We can also generate and plot the ALE data for all two-way interactions.
cars_ale_ixn <- ale_ixn(cars, cm)
# Skip .common_data when iterating through the data for plotting
cars_ale_ixn[setdiff(names(cars_ale_ixn), '.common_data')] |>
purrr::walk(\(x1) { # extract list of x1 ALE outputs
purrr::map(x1, \(.x) .x$plot) |> # for each x1, extract list of x2 ALE outputs
gridExtra::grid.arrange(grobs = _, ncol = 2) # plot all x1 plots
})
There are no interactions in this dataset.

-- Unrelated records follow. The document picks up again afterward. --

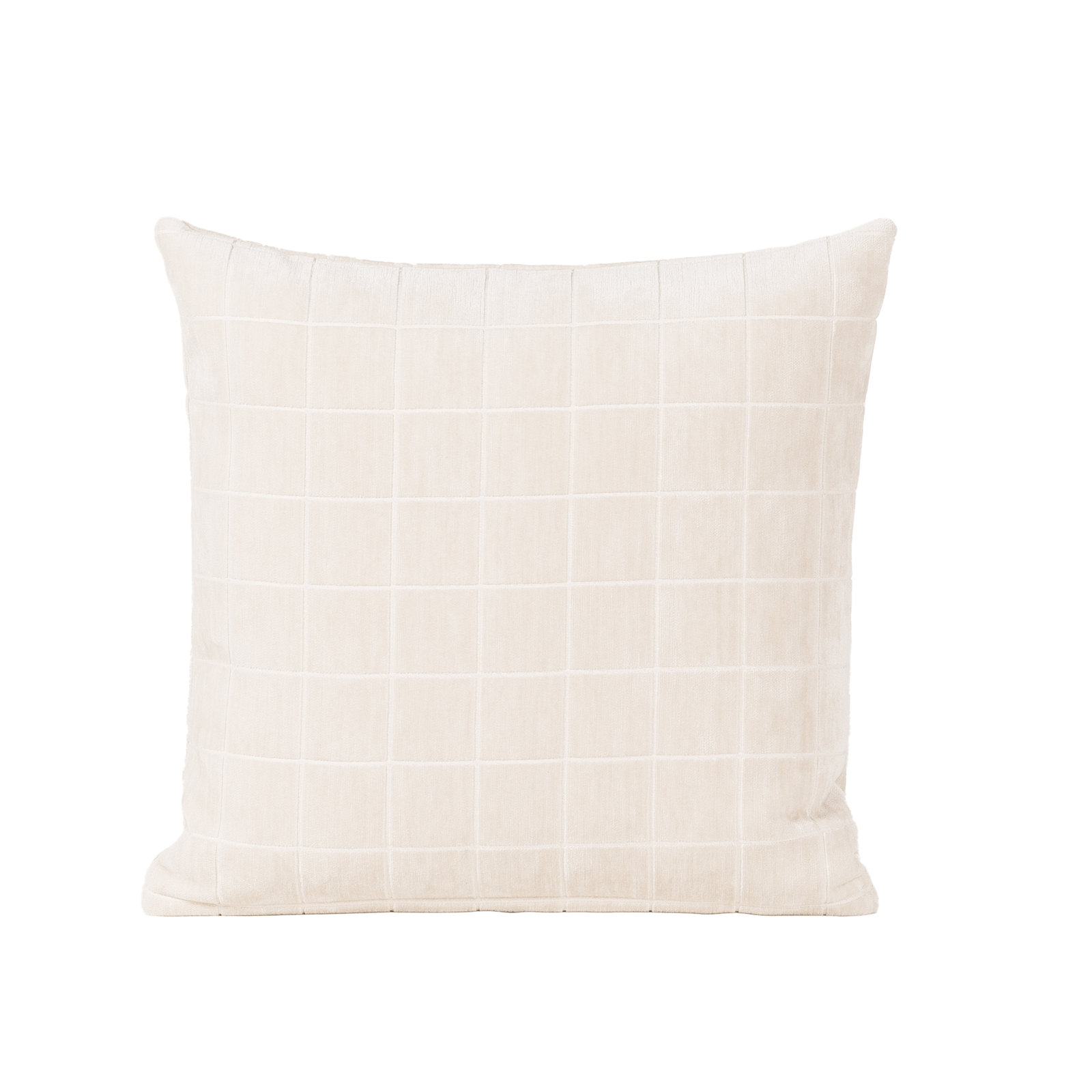 Otterville Velvet Grid Throw Pillow, Cream Geometric, Polyester, 22"H x 22"W
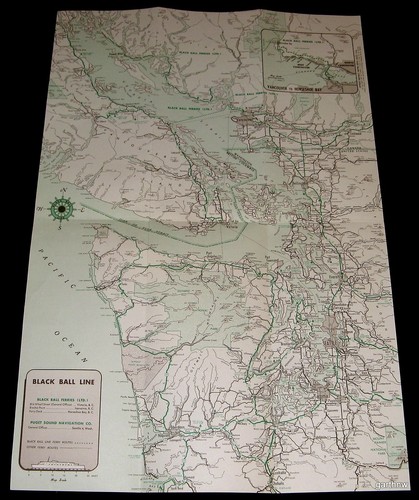 PUGET SOUND VANCOUVER 1956 FERRY SCHEDULE PICTORIAL GUIDE & MAP BLACK BALL LINE - Picture 2 of 2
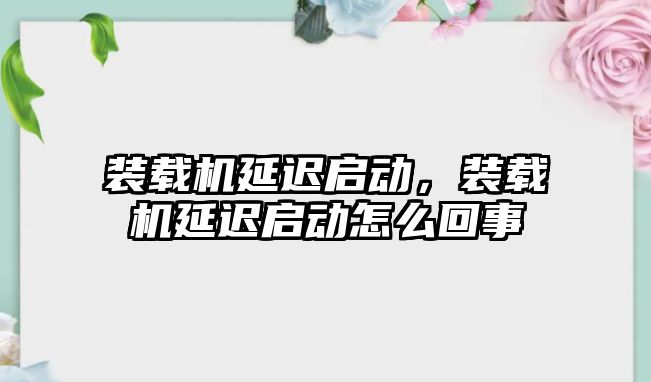 裝載機延遲啟動，裝載機延遲啟動怎么回事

Finally, as explained in the vignette on modelling with small datasets, a more appropriate modelling workflow would require bootstrapping the entire model, not just the ALE data. So, let’s do that now.
mb <- model_bootstrap(
cars,
'mgcv::gam(mpg ~ cyl + s(disp) + s(hp) + drat + wt + s(qsec) +
+ vs + am + gear + carb + country)'
)
# Skip .common_data when iterating through the data for plotting
mb$ale_data[setdiff(names(mb$ale_data), '.common_data')] |>
purrr::map(\(.x) .x$plot) |> # extract plots as a list
gridExtra::grid.arrange(grobs = _, ncol = 2)